Basking in a series of financial successes, Sempra Energy COO Donald Felsinger said his company cashed in on the big bet it made five years ago on natural gas strategy. Speaking Monday at Bank of America’s annual investment conference in San Francisco, Felsinger said Sempra correctly projected that North American production reached its peak and then it invested accordingly in liquefied natural gas (LNG) terminals, pipelines and storage.

“Early on we developed a view of natural gas supplies and prices that seems today to be generally accepted,” said Felsinger, who credited the company’s own research and analysis with helping the nonutility side of Sempra “position itself to capture opportunities it saw emerging from the changing natural gas marketplace.”

As a result, Sempra today is in the midst of several major gas initiatives that hold the promise of paying off big: (1) development of LNG receipt terminals on the Gulf Coast and on the West Coast; (2) investing in coal-fired power plants as a hedge against higher, more volatile wholesale natural gas prices; and (3) starting a pipeline and storage business that is evolving from a regional to a national orientation.

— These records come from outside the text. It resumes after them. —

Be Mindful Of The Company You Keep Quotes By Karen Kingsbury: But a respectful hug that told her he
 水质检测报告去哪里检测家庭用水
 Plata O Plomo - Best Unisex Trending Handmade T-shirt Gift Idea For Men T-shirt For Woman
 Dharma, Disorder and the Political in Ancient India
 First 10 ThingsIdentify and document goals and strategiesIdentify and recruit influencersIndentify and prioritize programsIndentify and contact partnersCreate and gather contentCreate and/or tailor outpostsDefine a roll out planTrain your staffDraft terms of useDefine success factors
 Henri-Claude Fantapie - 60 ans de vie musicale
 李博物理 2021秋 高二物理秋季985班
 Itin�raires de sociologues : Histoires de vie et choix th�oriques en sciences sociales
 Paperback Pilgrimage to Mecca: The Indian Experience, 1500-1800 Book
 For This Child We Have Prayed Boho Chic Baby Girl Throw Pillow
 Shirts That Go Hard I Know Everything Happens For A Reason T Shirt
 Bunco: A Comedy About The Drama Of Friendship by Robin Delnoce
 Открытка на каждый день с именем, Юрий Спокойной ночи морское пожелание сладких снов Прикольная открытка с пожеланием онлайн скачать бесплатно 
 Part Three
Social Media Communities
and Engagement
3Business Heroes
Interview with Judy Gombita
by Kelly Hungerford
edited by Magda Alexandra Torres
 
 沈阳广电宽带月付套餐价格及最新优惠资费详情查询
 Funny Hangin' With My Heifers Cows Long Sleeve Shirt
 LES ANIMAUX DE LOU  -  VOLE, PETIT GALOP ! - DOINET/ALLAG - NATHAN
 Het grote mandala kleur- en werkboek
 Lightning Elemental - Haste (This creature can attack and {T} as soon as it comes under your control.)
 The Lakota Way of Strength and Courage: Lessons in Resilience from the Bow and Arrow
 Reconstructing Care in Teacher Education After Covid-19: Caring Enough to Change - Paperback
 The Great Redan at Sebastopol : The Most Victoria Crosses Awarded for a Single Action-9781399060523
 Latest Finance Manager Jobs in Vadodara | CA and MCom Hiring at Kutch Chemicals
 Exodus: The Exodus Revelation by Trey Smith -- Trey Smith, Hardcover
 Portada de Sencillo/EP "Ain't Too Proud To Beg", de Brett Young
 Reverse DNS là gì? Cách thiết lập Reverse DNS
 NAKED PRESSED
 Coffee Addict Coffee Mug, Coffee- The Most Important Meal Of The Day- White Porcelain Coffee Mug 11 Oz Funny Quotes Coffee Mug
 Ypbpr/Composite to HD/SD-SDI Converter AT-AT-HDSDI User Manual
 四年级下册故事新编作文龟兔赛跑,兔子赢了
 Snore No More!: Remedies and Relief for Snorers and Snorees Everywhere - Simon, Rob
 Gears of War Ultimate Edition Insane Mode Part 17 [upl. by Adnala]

Besides resolving some onerous litigation from the California’s energy crisis four years ago, Sempra has two remaining challenges, Felsinger said. First it has set a high priority in wrapping up supply contracts for the majority of its capacity at two Gulf-based LNG import terminals. And secondly, it needs to find new opportunities and ways to capitalize on that LNG supply in the constantly evolving natural gas market.

In the meantime, the company is pursuing $2.5 billion in investments in three LNG facilities: Costa Azul in North Baja in Mexico; Cameron, along the Louisiana Gulf Coast; and Port Arthur in Texas, which still requires federal permits to proceed with construction.

More recently, the company announced a partnership effort with Kinder Morgan to build an enterprising 1,500-mile, $3 billion long-distance natural gas interstate pipeline to carry Rocky Mountain supplies to the Northeast United States.